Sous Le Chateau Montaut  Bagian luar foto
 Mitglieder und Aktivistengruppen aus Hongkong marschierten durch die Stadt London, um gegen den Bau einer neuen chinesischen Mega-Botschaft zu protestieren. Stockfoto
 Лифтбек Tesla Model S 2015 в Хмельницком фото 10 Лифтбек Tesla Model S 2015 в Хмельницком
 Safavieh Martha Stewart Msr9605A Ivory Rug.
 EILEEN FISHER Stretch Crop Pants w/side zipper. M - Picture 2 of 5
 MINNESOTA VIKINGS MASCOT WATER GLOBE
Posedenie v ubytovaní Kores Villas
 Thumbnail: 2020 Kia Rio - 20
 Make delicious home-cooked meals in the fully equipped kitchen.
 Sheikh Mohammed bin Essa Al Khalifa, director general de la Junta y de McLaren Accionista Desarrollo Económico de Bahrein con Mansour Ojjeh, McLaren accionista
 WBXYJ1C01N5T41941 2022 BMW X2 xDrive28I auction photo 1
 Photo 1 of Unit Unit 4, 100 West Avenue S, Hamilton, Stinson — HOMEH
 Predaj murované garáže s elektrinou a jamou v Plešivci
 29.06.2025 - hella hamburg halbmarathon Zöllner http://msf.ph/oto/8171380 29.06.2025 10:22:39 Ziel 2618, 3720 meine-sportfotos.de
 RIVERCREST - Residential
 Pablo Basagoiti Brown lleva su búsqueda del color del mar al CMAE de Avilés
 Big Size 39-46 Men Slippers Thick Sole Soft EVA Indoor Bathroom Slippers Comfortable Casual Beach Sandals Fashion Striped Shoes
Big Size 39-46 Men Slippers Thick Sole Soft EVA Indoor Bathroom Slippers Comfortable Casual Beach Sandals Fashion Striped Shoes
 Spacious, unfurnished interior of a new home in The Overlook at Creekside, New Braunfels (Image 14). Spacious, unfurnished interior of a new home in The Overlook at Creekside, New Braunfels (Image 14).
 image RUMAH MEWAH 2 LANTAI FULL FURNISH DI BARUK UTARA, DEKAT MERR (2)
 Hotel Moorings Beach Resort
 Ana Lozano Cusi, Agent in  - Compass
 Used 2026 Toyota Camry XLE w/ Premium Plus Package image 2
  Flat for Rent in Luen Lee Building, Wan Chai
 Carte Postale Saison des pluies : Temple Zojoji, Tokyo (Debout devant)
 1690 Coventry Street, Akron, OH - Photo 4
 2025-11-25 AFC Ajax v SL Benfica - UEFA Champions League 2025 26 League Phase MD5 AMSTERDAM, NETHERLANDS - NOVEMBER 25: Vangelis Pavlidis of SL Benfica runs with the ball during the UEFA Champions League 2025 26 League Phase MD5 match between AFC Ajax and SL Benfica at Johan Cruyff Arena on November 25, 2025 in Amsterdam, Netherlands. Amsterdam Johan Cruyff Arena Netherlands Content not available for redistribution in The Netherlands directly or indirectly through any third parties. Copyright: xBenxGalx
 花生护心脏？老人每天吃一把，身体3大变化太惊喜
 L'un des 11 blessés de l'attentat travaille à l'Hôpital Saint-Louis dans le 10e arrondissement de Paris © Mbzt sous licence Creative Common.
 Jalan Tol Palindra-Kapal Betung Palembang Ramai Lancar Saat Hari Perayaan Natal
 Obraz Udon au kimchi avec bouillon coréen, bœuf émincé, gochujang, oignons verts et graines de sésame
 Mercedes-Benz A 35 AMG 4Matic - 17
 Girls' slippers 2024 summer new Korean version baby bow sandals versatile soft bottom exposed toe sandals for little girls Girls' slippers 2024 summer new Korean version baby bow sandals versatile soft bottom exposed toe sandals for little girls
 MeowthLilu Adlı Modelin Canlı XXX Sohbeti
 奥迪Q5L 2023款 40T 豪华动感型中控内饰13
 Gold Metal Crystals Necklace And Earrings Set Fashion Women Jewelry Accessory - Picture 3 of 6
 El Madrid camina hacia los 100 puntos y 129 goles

Problem statement: Search the listing for the word "Sole", and copy every line in which it is found.

Exercise result:
 Big Size 39-46 Men Slippers Thick Sole Soft EVA Indoor Bathroom Slippers Comfortable Casual Beach Sandals Fashion Striped Shoes
Big Size 39-46 Men Slippers Thick Sole Soft EVA Indoor Bathroom Slippers Comfortable Casual Beach Sandals Fashion Striped Shoes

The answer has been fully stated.